Kedua: Di peringkat ini Rasulullah SAW bermaksud mencari penyelesaian dengan kaum Quraisy yang terus menerus menentangnya, dan juga merupakan penghalang utama bagi kaum lain masuk Islam. Rasulullah SAW juga ingin melihat penyelesaian antara golongan Quraisy yang kontra dengan golongan yang pro Islam.
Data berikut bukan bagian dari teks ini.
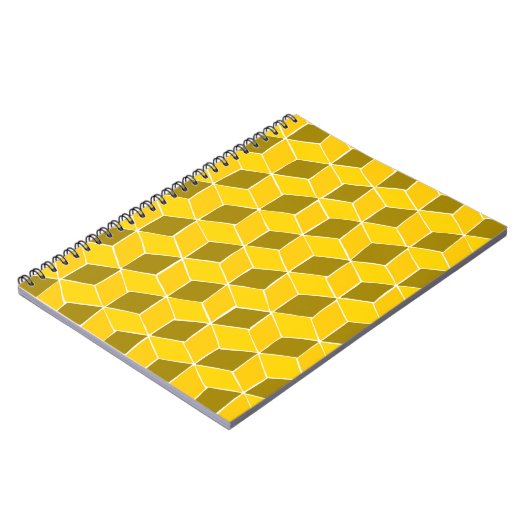 Yellow cube Quiltmuster-Notebook Notizblock (Linke Seite)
Untuk itu, beliau telah mengambil tindakan segera mengirim pasukan patroli (saroya jama’ sariyyah), membawa panji-panji Islam.

Patroli pertama yang dikirimnya ialah yang dipimpin oleh Hamzah bin Abdul Mutalib (paman Rasulullah sendiri) di bulan puasa menjelang bulan ketujuh hijrah.

Pengiriman patroli atau saroyah itu dilakukan pula menjelang bulan kesembilan hijriah, di bulan ketiga belas dan keenam belas hijriah. Kemudian dikirim pula patroli di bawah pimpinan Abdullah bin Jahsy di awal Rajab bulan ketujuh belas hijriah. Ini saroyah pertama yang mengalami pertempuran sengit.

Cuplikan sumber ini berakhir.